Action item -
Go to the line holding "The notanothercv.com analytics screen" in the entries below and write out exactly every line down to and including the line holding "Figure 2 for".

Start of Provided information

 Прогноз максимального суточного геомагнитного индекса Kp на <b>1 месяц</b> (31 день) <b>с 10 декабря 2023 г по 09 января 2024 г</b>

End of Provided information
Start of Provided information

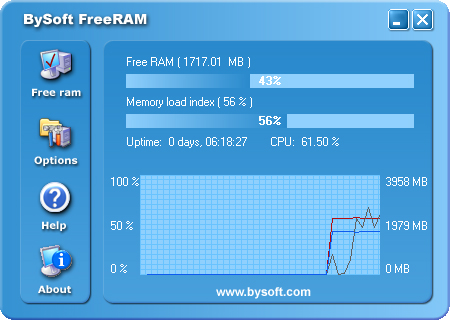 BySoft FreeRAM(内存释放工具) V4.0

End of Provided information
Start of Provided information

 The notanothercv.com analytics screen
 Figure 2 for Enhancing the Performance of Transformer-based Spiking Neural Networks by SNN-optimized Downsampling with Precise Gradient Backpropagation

End of Provided information

Result for this task -
 The notanothercv.com analytics screen
 Figure 2 for Enhancing the Performance of Transformer-based Spiking Neural Networks by SNN-optimized Downsampling with Precise Gradient Backpropagation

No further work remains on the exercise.